Ralph Fiennes has directed for the screen Shakespeare’s Coriolanus (2012).  Placed by Fiennes in a modern setting, it tells of Caius Martius, a Roman general given the title-surname of  “Coriolanus,” who has valiantly defeated the current enemies of Rome.  Extolled for this, the general is meant to receive the political position of consul, but there are tribunes who bitterly oppose him for his pride and his lack of love for the common people.  The dirt-poor mob that begins to support him is prodded by the tribunes into rejecting him, and at last it is decided that Coriolanus will be banished from Rome.  The general then seeks to betray the ungrateful country by joining the very enemies he bested:  the Volscians.

As James Bowman has asserted, the film is about honor and loyalty, but it also contains a sea of implications that makes it wonderfully relevant to our times. For one thing, it shows us that the electronic media does not, cannot, present honor (owing to its “radical leveling” of people–Bowman).    It is clear, nevertheless, during the first 40 minutes of the movie that the world needs honor, even if, unfortunately, the honor here emanates from a tragic hero.

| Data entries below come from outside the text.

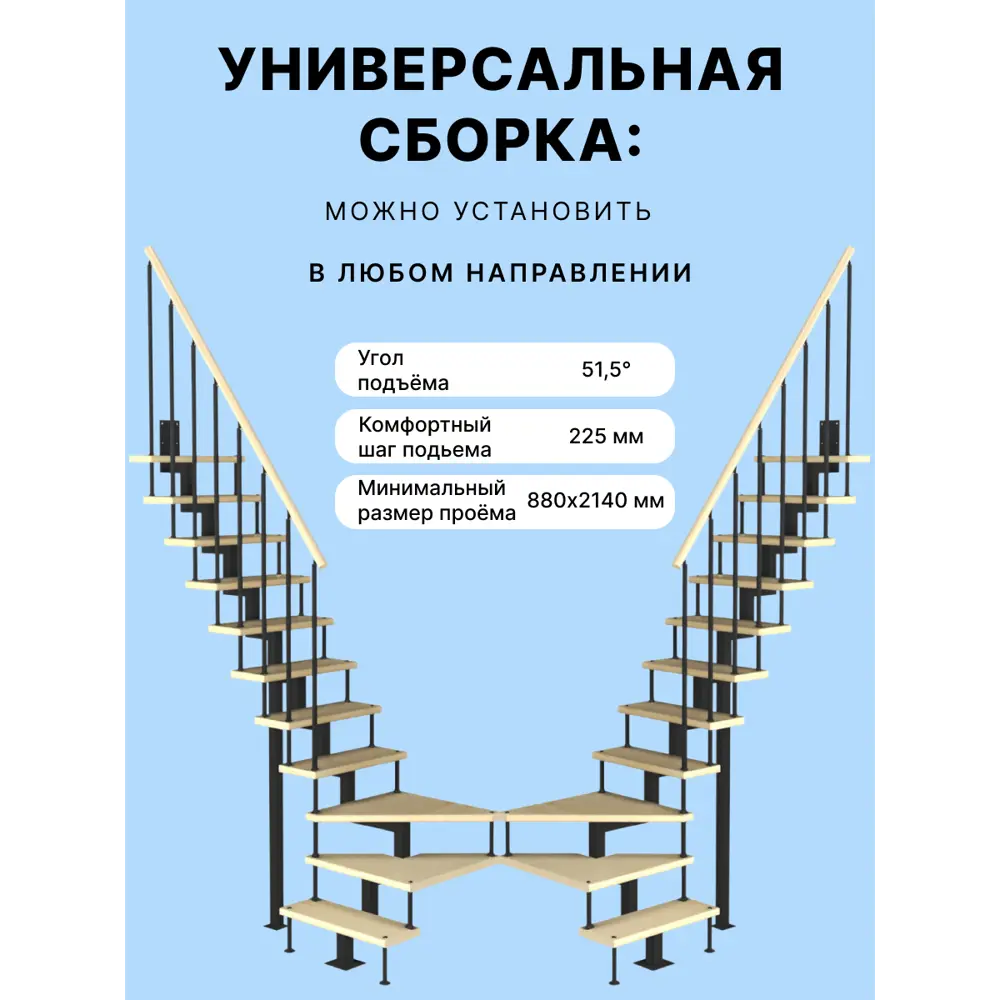 Модульная лестница поворотная 90° Лесенка стальная Квадро 89461902 STLM-2069286  - Вид №2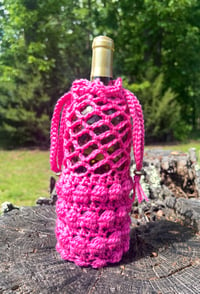 Image 2 of Bohemian Crocheted Bottle Tote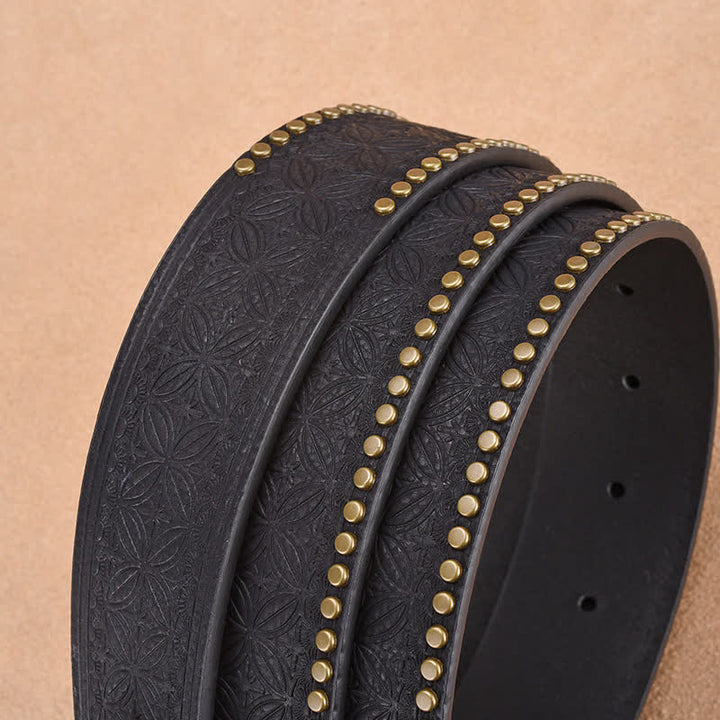 Ceinture en cuir à rivets pour homme, motif tête de vautour et aigle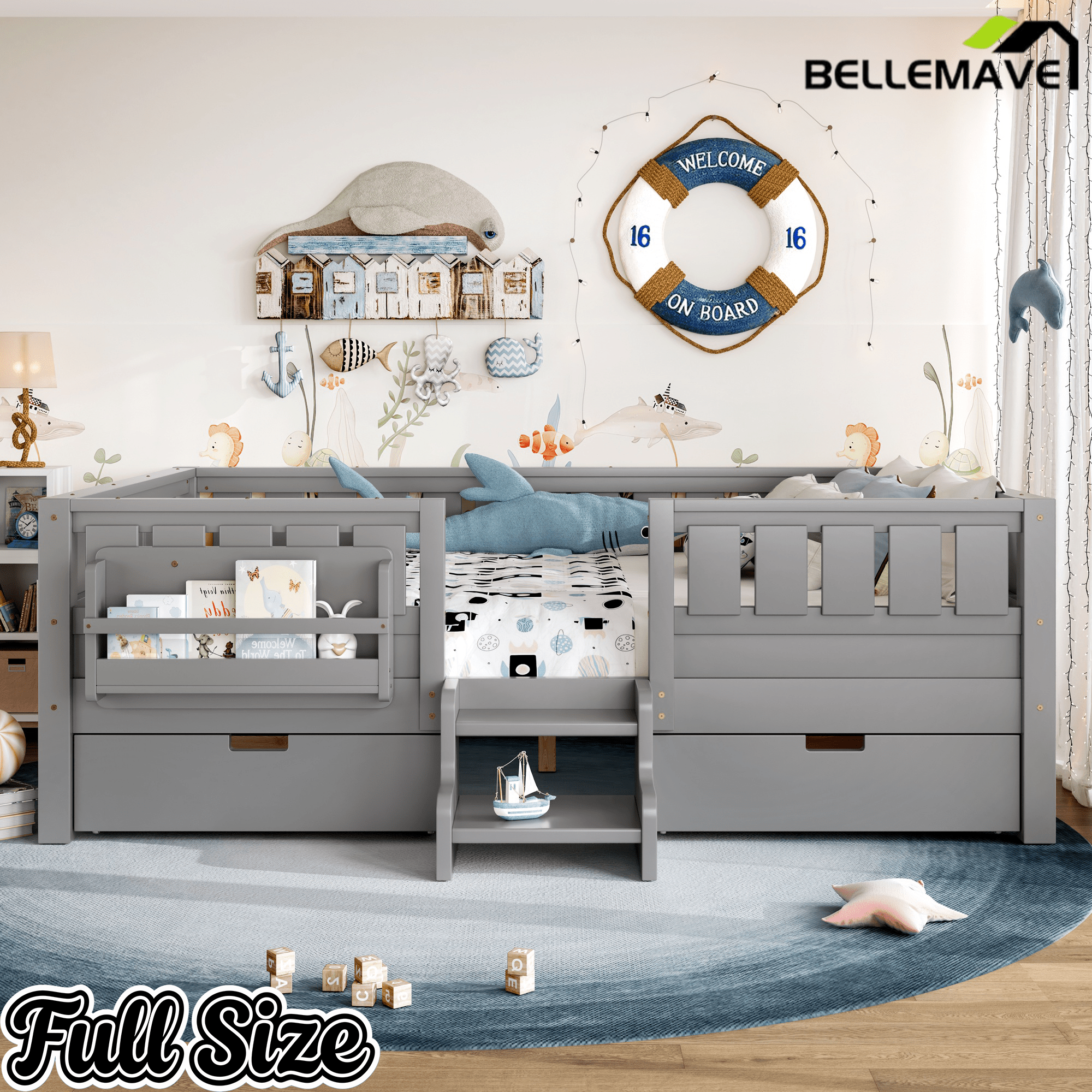 Bellemave® Full Floor Bed Frame with Built - in Bookshelves and Storage Drawers,Full Size Wood Montessori Bed with Staircase Design and Rails, White - Bellemave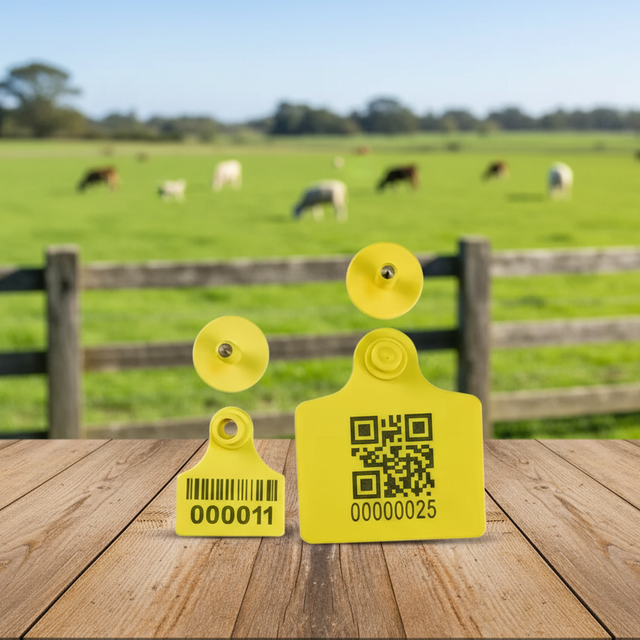 RFID Livestock Rfid Barcode Uhf Goat Eartag Animal Cattle Ear Tag for Sheep Cattle Pig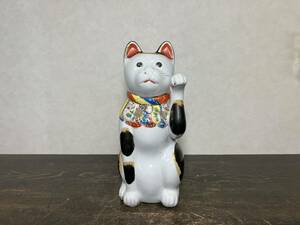 京都⑧ 旧家引取り 古瀬戸 招き猫 高さ約29.0cm 明治～大正時代 縁起物 cxp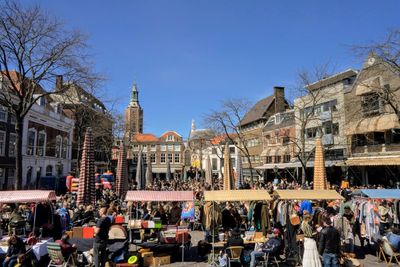 Free market during queen's day 2015 the hague, south holland, netherlands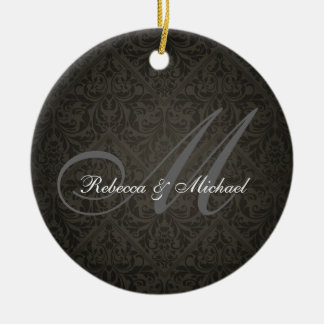 Elegante Damasked Monogramm-Verzierung Keramik Ornament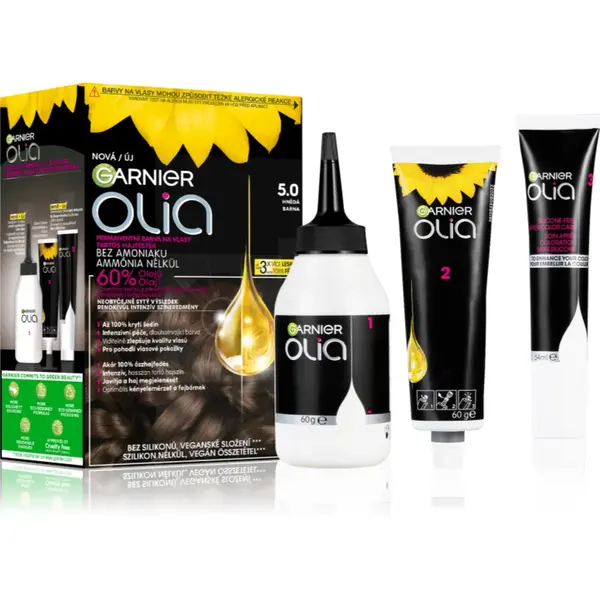 Garnier Olia Big Kit Culoare permanenta pentru par culoare 5.0 Brown 1 buc
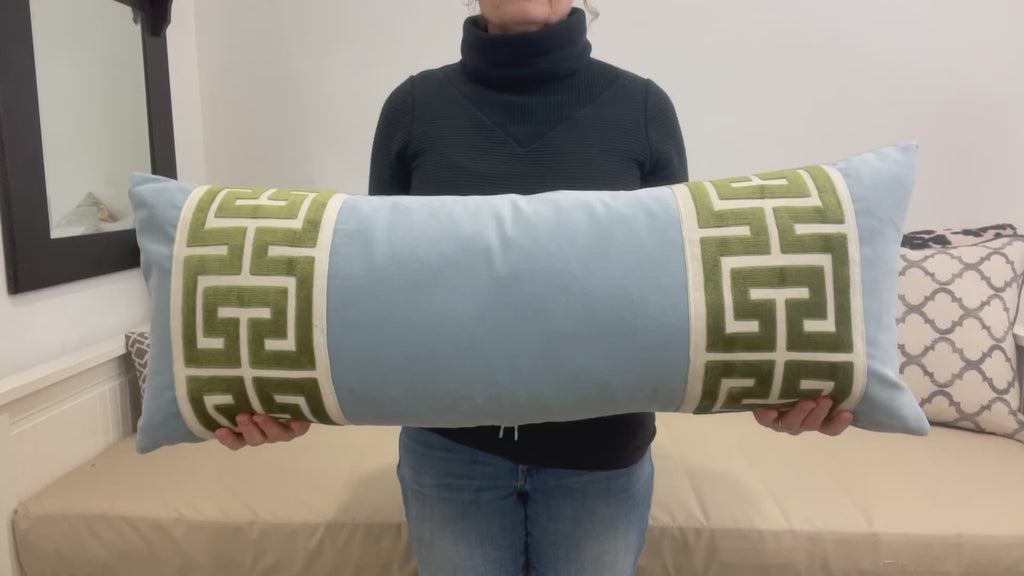 Aqua Mist Velvet Lumbar Pillow Cover with Large Green Greek Key Trim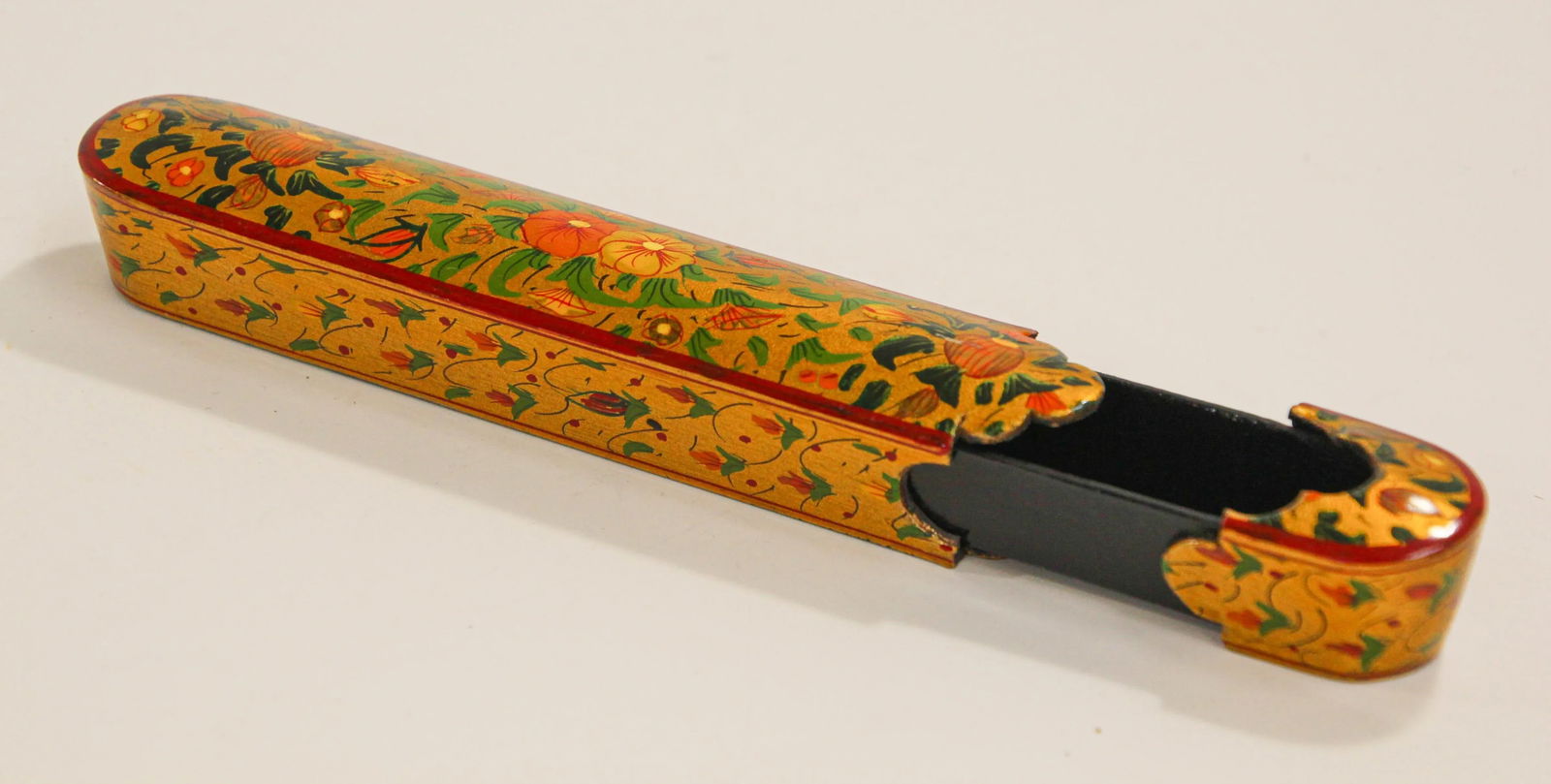 Persian Lacquer Pen Box Hand Painted with Floral and Gilt Design - 6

Further, the scandalized tribunes remind us of men of the Left who deplore all things “conservative”:  They undervalue Coriolanus’s military prowess and, as I indicated, hate his non-love for the common people.  And they do not win our sympathy.  On the other hand, what is to be done for the Roman mob when it demands bread?  (More relevance to our times.)  It seems Rome is a place of neither scarcity nor economic strength.

Predictably, in its contemporary setting the film is not wholly convincing; not by a long shot.  But it mainly succeeds, and is lively and engagingly performed.  As both actor (he plays Coriolanus) and director Fiennes is effective.